The Agilent programming guide provides the example code, shown in Figure 1, to create a trace graph display.

Figure 1. Example code for creating a trace graph display from the Agilent programming guide.

This code is basically correct, but I feel like they left out a couple things. First of all I found that the trigger requires a little more explanation. The best way I found to do it was to trigger on a power level, their example doesn’t have this code. If you do not specify a trigger level it will just trigger immediate, but this doesn’t give as much control in some situations. Another thing I struggled with was how to decode the data returned by the instrument.  The data is returned from the instrument in something called the IEEE 488.2 arbitrary block program data format. It took me a little while to find it, but the LabVIEW driver includes a VI to decode this data. I’m just pointing this out because the example from the programming guide doesn’t go into these details.

Figures 2 and 3 show the LabVIEW code. The actual code is also available.

Figure 2. Front Panel of Example Create Trace Graph Display VI.

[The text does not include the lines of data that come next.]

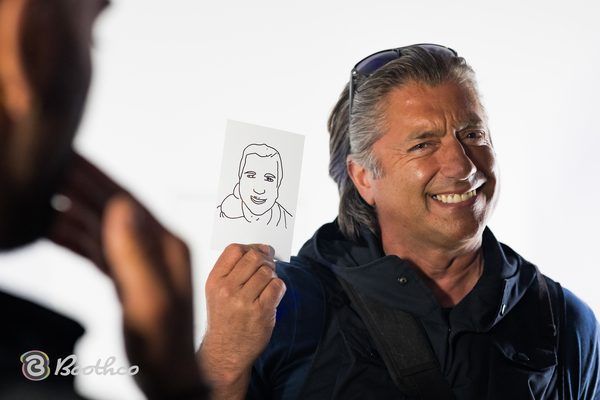 A smiling person holds up a hand-drawn sketch of a face, with a blurred person in the foreground.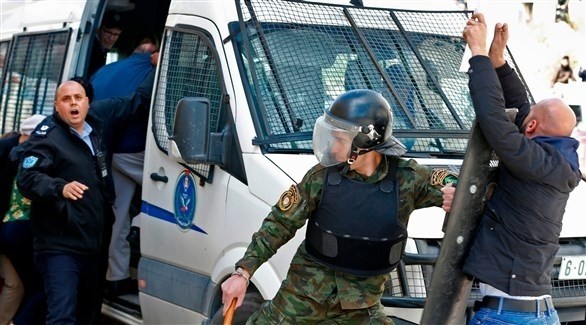 شرطي فلسطيني يمنع محتجاً من الاقتراب من حافلة الوفد الأمريكي (أ ف ب)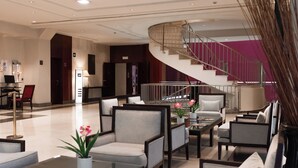 A spacious lobby with a modern staircase, comfortable seating areas, and a reception desk.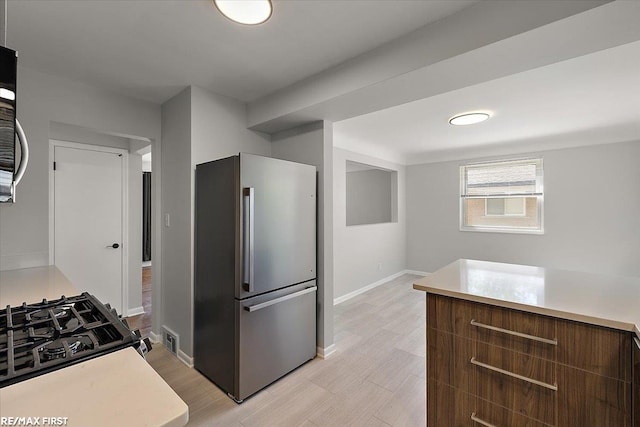 kitchen with high end refrigerator, light countertops, baseboards, light wood-style floors, and gas range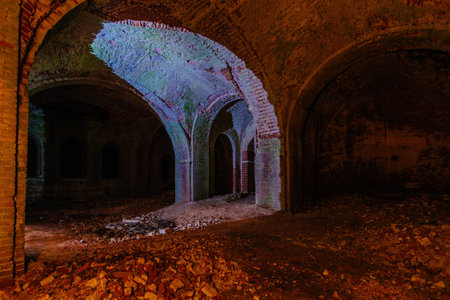 Dark corridor of old ancient abandoned red brick ruined historical building.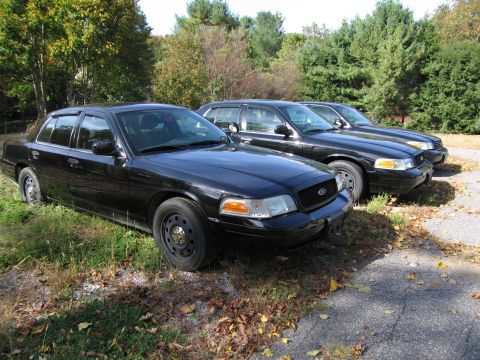 1991 Ford LTD Crown Victoria - Three black Ford Crown Victoria police cars are parked in a line outdoors.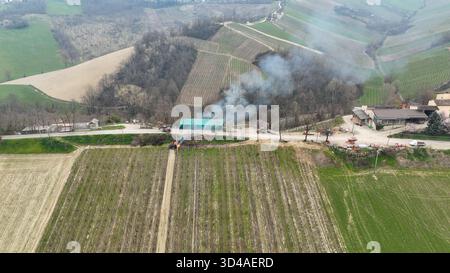 Aus der Vogelperspektive brennende Weinbauzweige, die unter einem bewölkten Himmel Rauch zwischen den rollenden Piacenza-Hügeln in Norditalien erzeugen Stockfoto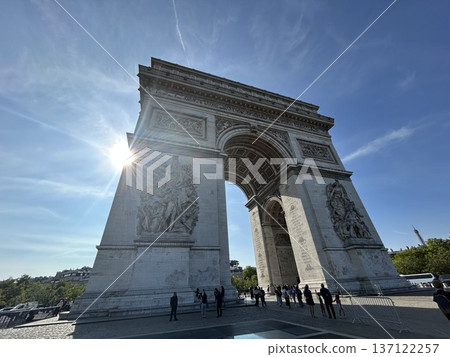 Low-angle view of the Arc de Triomphe in Paris shining under blue sky and sunlight 137122257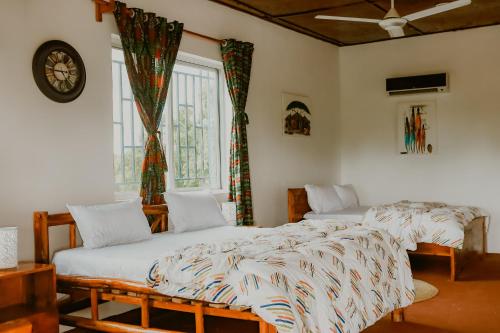 2 camas individuales en una habitación con ventana en Perfect Beach House In Kigamboni en Dar es Salaam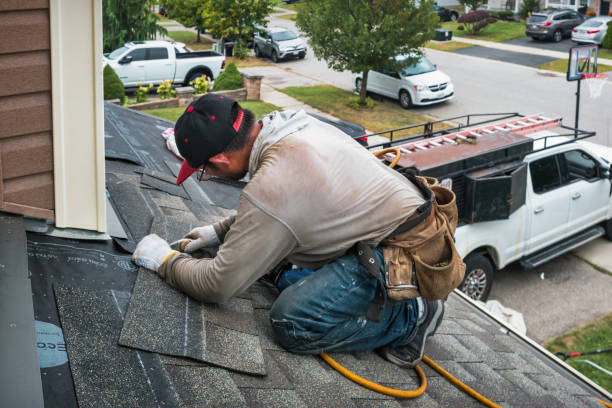 Professional Roofing technician working in Huntington Station, NY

A couple of things to note in Figure 2, the trigger level was set to -30 dBm. You can see from the graph that the acquisition begins at -30 on the rising edge of a pulse, there is a flat portion, and falls back into the noise. Also note the VI outputs: “Averaged Trace” is the average of everything on the graph, “Meter Measurement” is the average returned by the meter (I’m not totally sure why that doesn’t match the average computed in the software – I think the points acquired and the measurement points must not match) and “Max Power (dBm)” is the peak value found in the graph array data.

Figure 3. Block Diagram of Example Create Trace Graph Display VI.

Figure 3 shows the block diagram of the example LabVIEW code. This code has quite a bit more configuration than the example code from the programming guide in Figure 1. Figure 1 shows the critical command and many of the extra commands I have in the LabVIEW code can be stripped out as they are just resetting the default values – I just felt this was more complete.

As I mentioned earlier, one nice thing in this code is the U2000 driver implements the code to read the trace data. This capability is in the VIs “Read Trace.vi” and “Parse Data.vi” which are shown in Figures 4 and 5. You can also see that the driver has a comment with some details about the IEEE 488.2 data format.

Figure 4. Read Trace.vi.

Figure 5. Parse Data.vi.

One strange thing I found with this code is it seemed to work great if I kept the sub-VI “Wait for Acquisition Complete.vi” open, but if it was closed it seemed like code would hang-up a lot. Not sure what that is all about.

I posted this example code and you can download on this page, it is LabVIEW 2012. Note that I’m not providing the U2000 driver, get that from NI at the link above.

Summary

This post shows how to implement an Agilent U2001A power sensor trace graph display in LabVIEW. I feel this code provides a slightly more complete solution than the example code provided in the Agilent Programming Guide. Another useful feature of this code is it makes it possible to find the peak power of a measurement using the average power model power sensor.